Game consoles don't do this kind of stuff for you automatically (they're a lot more like D3D12 already!), so big AAA games made for consoles are going to be designed to deal with harsh memory limits themselves. e.g. on a console that has 256MB of VRAM, the game will crash as soon as you try to allocate the 257th MB of it. There's no friendly PC runtimes/drivers that are going to pretend that everything's ok and start doing fancy stuff behind the scenes for you biggrin.png
The tricky part in doing a PC version is that you've got a wide range of resource budgets. On the PS3 version, you can just say "OK, we crash after 256Mb of allocations, deal with it", and do the best you can while fitting into that budget.
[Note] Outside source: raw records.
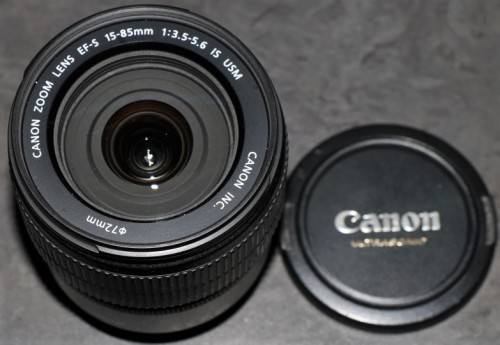 Canon EF-S 15-85mm f/3.5-5.6 IS USM Lens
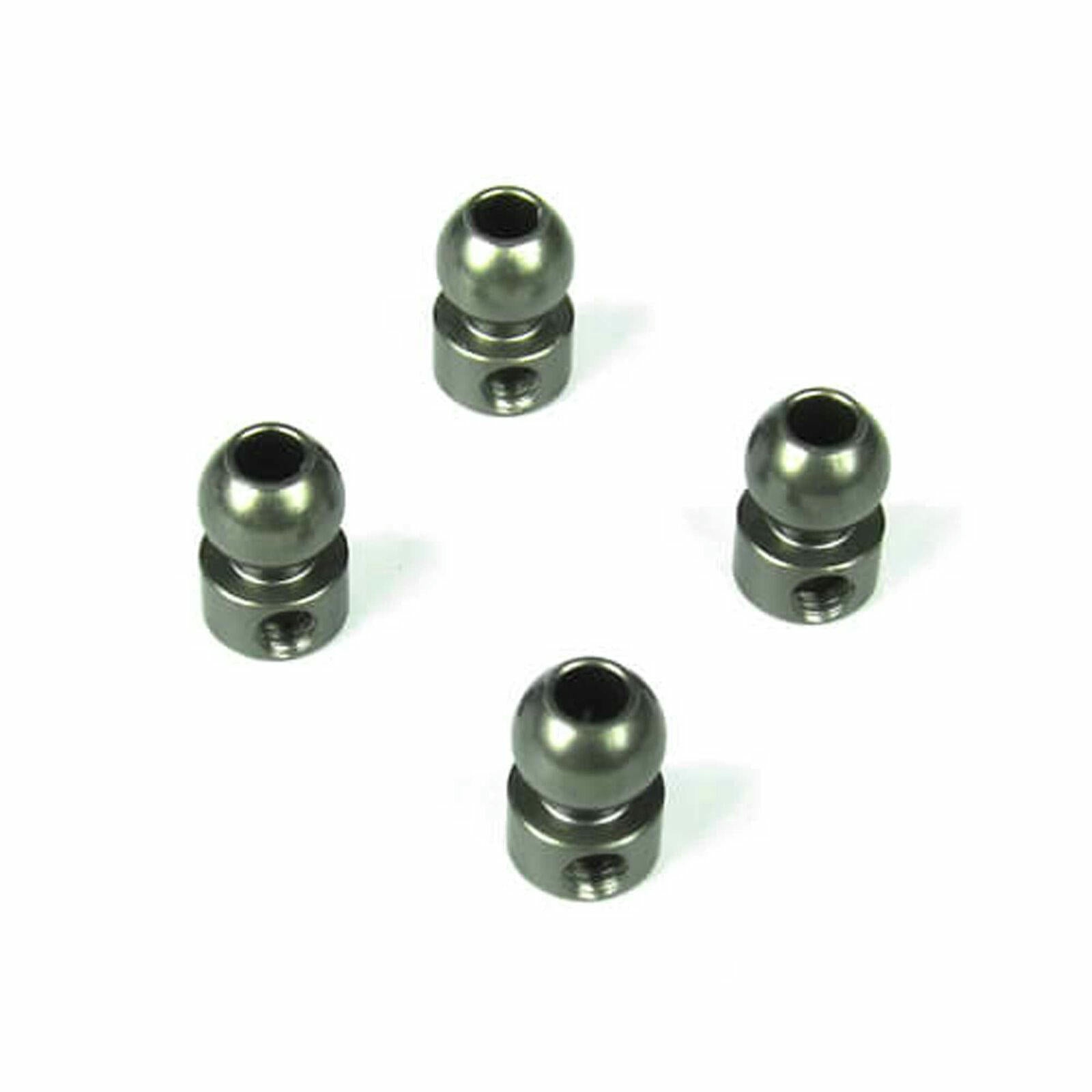 Image of Tekno RC EB48 6.8mm Aluminum Sway Bar/Stabilizer Balls (4pcs) TKR5079A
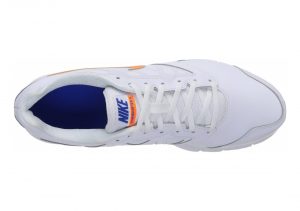 Nike Downshifter 6 - White Ttl Orange Lyn Bl Dv Gry (684654101)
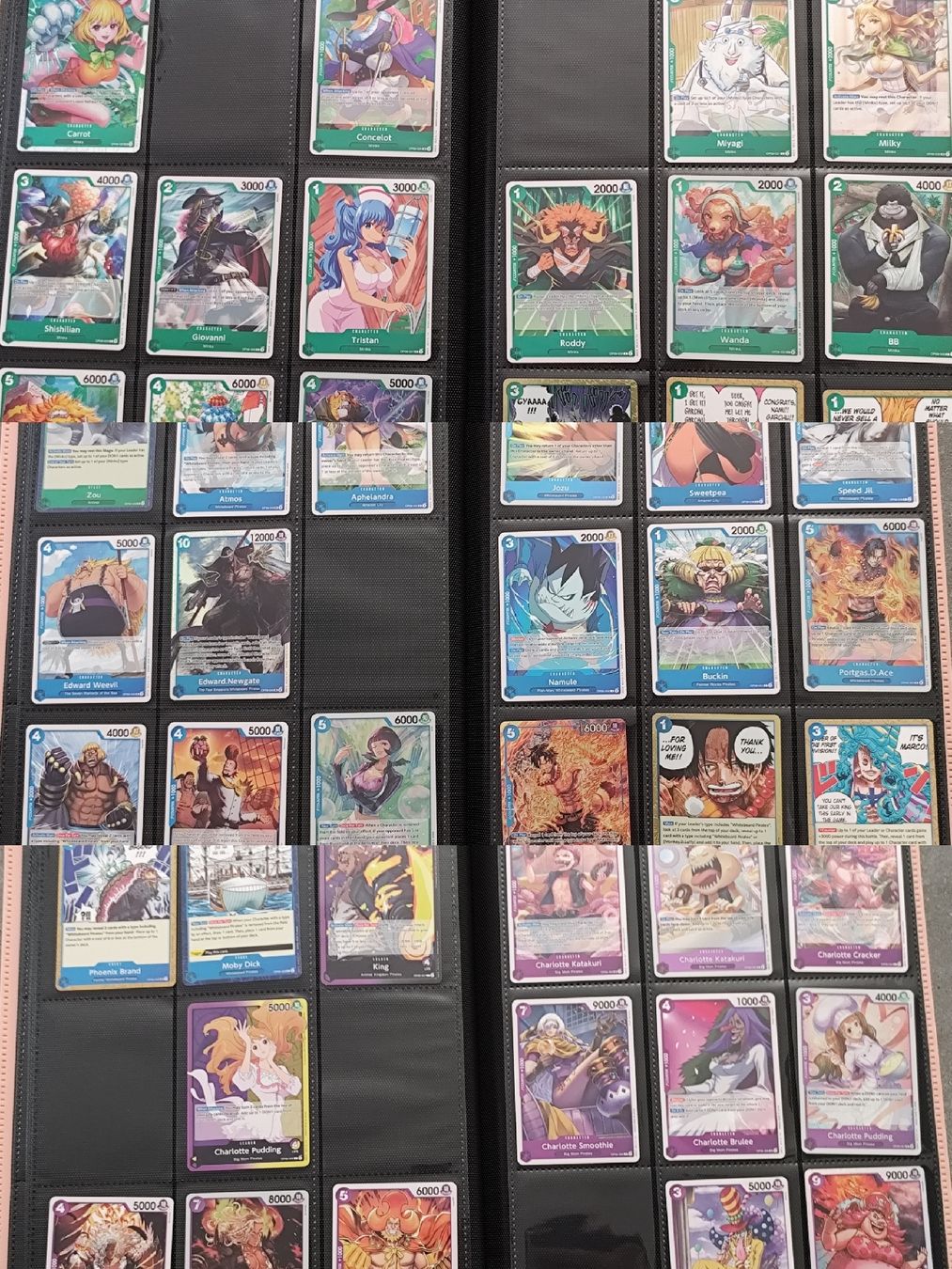 Bandai Carte collezionabili: One Piece Sammelmappe OP07&OP08 EN – Nuovo (secondo la descrizione) da Schlossrued venduto da LAP2012 5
On PC, you need to do the same, but also make it able to utilize 512MB, or 700MB or 1GB, etc... The other hard part that on PC, it's almost impossible to know how much memory any resources actually take up, or how much VRAM is actually available to you... Most people probably just make guesses based on the knowledge they have from their console versions.

that method would have to also be used -for example- when all of that larger-than-video-memory resource is being accessed by the GPU in the same, single shader invocation? Or that shader invocation would (somehow) have to be broken up into the subsequently generated command lists? Does that mean that the DirectX pipeline is also virtualized on the CPU?
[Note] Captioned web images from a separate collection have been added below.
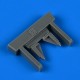 1/48 McDonnell Douglas F-4B Phantom II Air Inlet for Tamiya kits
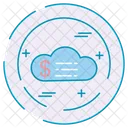 Cloud Finance Icon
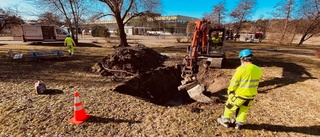 Breviksskolan och hundratals hushåll i centrala Oxelösund utan vatten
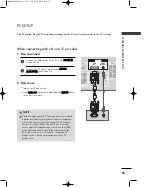 Предварительный просмотр 26 страницы LG 42LY3RF Owner'S Manual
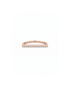 0.1ct Diamond Bar Stacking Ring — front view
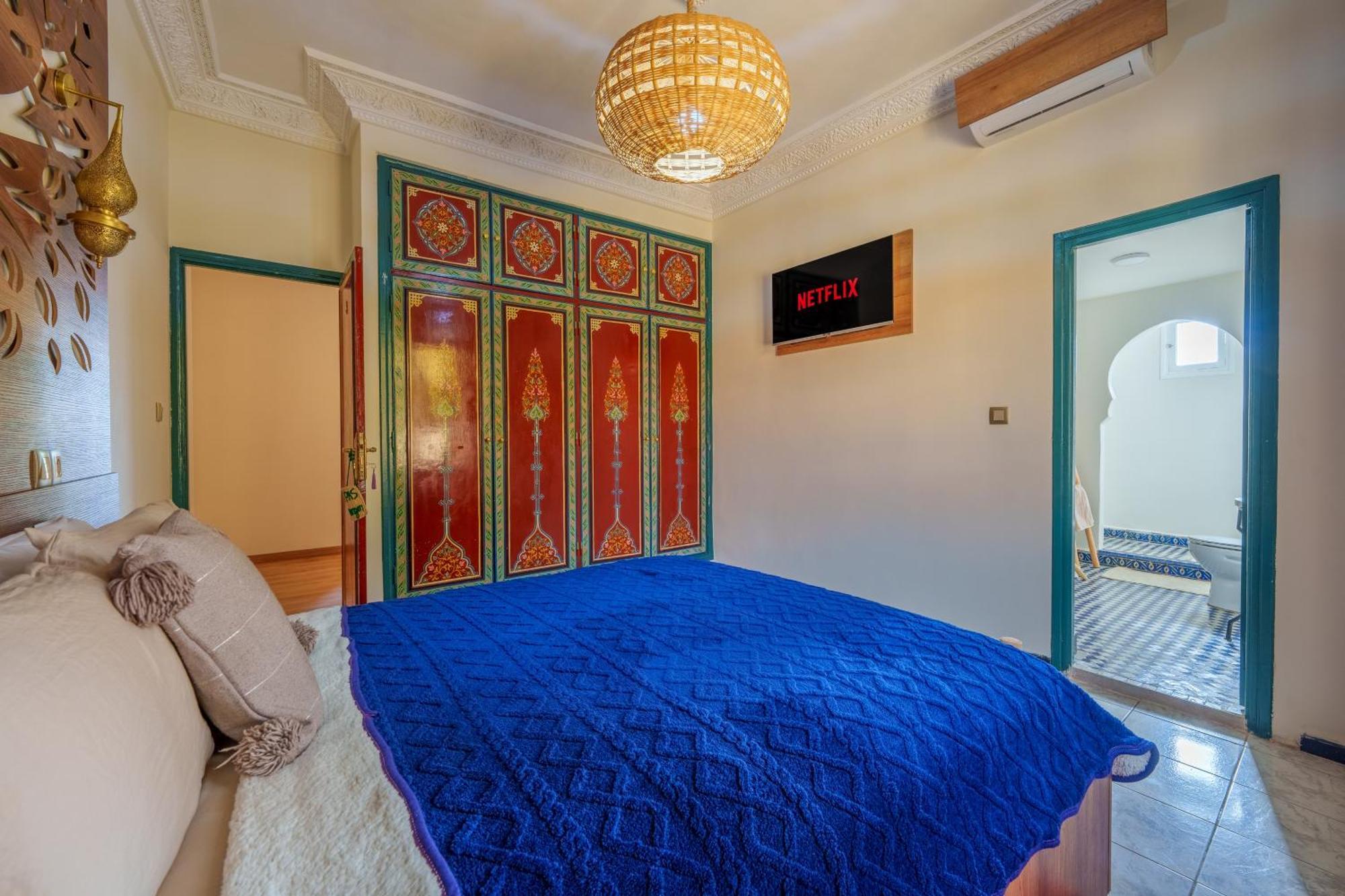 Séjour chez l'habitant Palais Rhize Targa Marrakesh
I don't know if it's possible to support that particular situation? Can you bind 10GB of resources to a single draw/dispatch command at the moment?
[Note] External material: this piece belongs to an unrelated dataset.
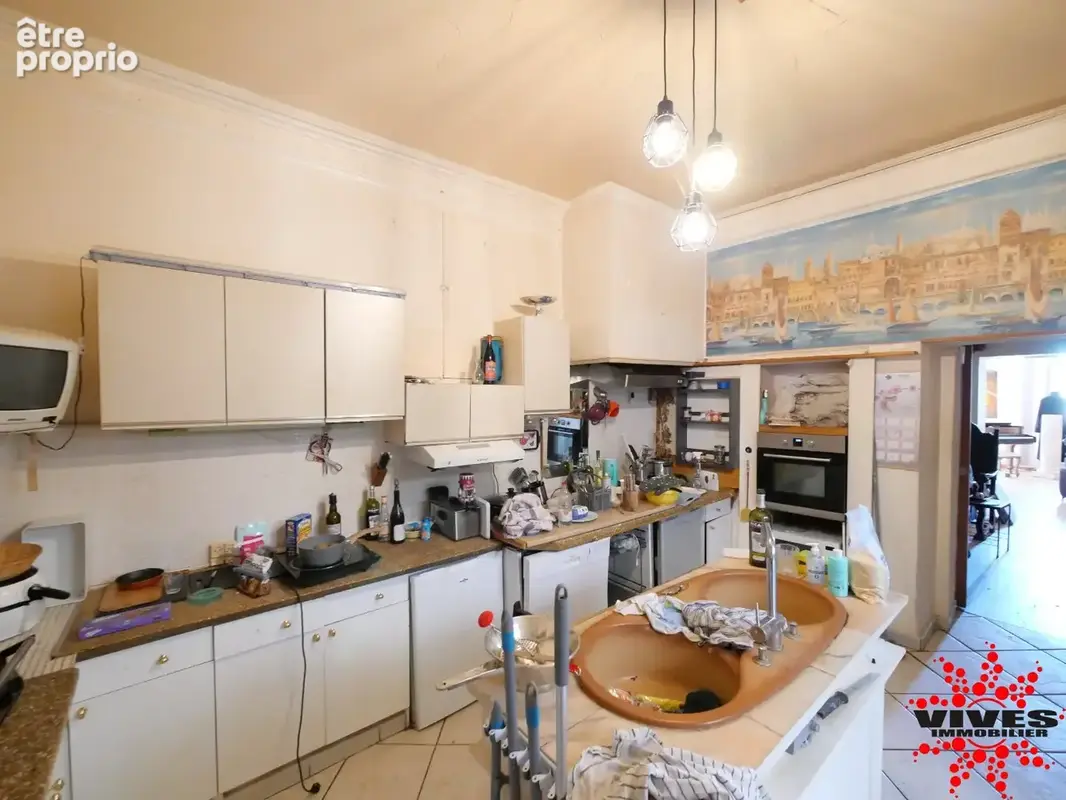 RARE À SERVIAN  Maison de caractère de 235 m² habitables  529 m² utiles  Fort potentiel ! - photo 4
I don't think the application will be allowed to use that DMA-based synchronisation method (or trick? ) that you explained.

D3D12 damn well better expose the DMA command queues laugh.png nVidia are starting to expose them in GL, and a big feature of modern hardware is that they can consume many command queues at once, rather than a single one as with old hardware.


Wait. That's how tiled resources already work

Tiled resources tie in with the virtual address space stuff. Say you've got a texture that exists in an allocation from pointer 0x10000 to 0x90000 (a 512KB range) -- you can think of this allocation being made up of 8 individual 64KB pages.
Tiled resources are a fancy way of saying that the entire range of this allocation doesn't necessarily need to be 'mapped' / has to actually translate to a physical allocation.
It's possible that 0x10000 - 0x20000 is actually backed by physical memory, but 0x20000 - 0x90000 aren't actually valid pointers (much like a null pointer), and they don't correspond to any physical location.
This isn't actually new stuff -- at the OS level, allocating a range of the virtual address space (allocating yourself a new pointer value) is actually a separate operation to allocating some physical memory, and then creating a link between the two. The new part that makes this extremely useful is a new bit of shader hardware -- When a shader tries to sample a texel from this texture, it now gets an additional return value indicating whether the texture-fetch actually suceeded or not (i.e. whether the resource pointer was actually valid or not). With older hardware, fetching from an invalid resource pointer would just crash (like they do on the CPU), but now we get error flags.
This means you can create absolutely huge resources, but then on the granularity of 64KB pages, you can determine whether those pages are physically actually allocated or not. You can use this so that the application can appear simple, and just use huge textures, but then the engine/driver/whatever can intelligently allocate/deallocate parts of those textures as required.